Exercise objective: Skip the pictures. Transcribe the rest of the data below without changing a word.

Raw data:

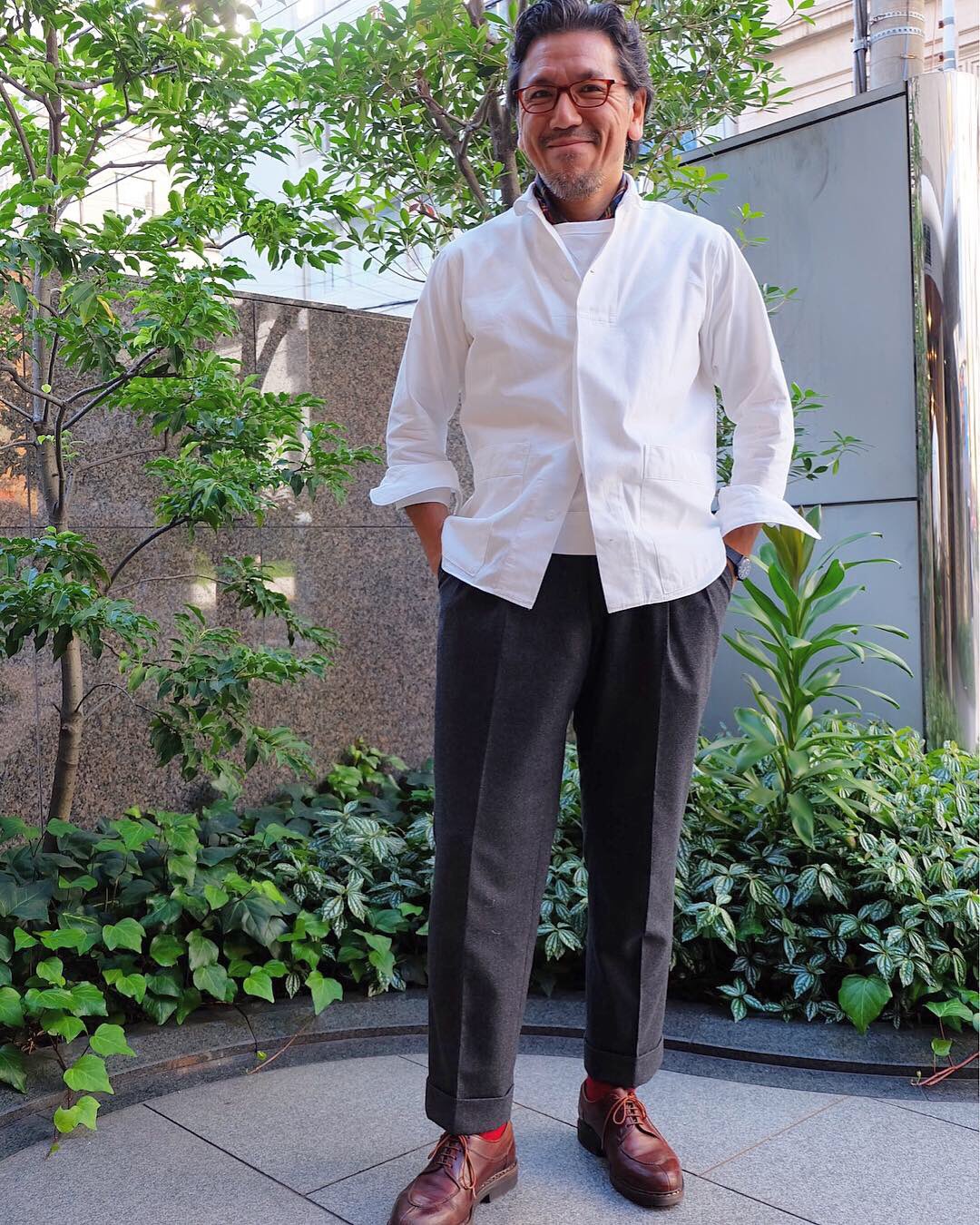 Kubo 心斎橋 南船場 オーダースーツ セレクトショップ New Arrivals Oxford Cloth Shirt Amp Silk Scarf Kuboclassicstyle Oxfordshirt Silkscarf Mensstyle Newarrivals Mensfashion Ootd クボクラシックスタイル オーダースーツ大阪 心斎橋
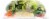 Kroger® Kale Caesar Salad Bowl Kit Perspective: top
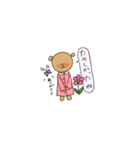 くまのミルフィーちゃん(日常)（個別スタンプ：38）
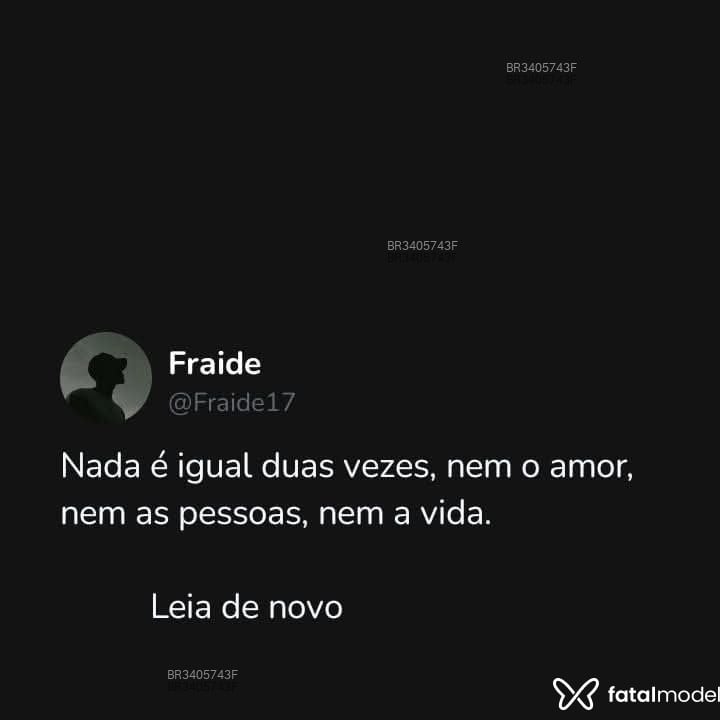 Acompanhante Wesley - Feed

Task answer:
 Kubo 心斎橋 南船場 オーダースーツ セレクトショップ New Arrivals Oxford Cloth Shirt Amp Silk Scarf Kuboclassicstyle Oxfordshirt Silkscarf Mensstyle Newarrivals Mensfashion Ootd クボクラシックスタイル オーダースーツ大阪 心斎橋
 Kroger® Kale Caesar Salad Bowl Kit Perspective: top
 くまのミルフィーちゃん(日常)（個別スタンプ：38）
 Acompanhante Wesley - Feed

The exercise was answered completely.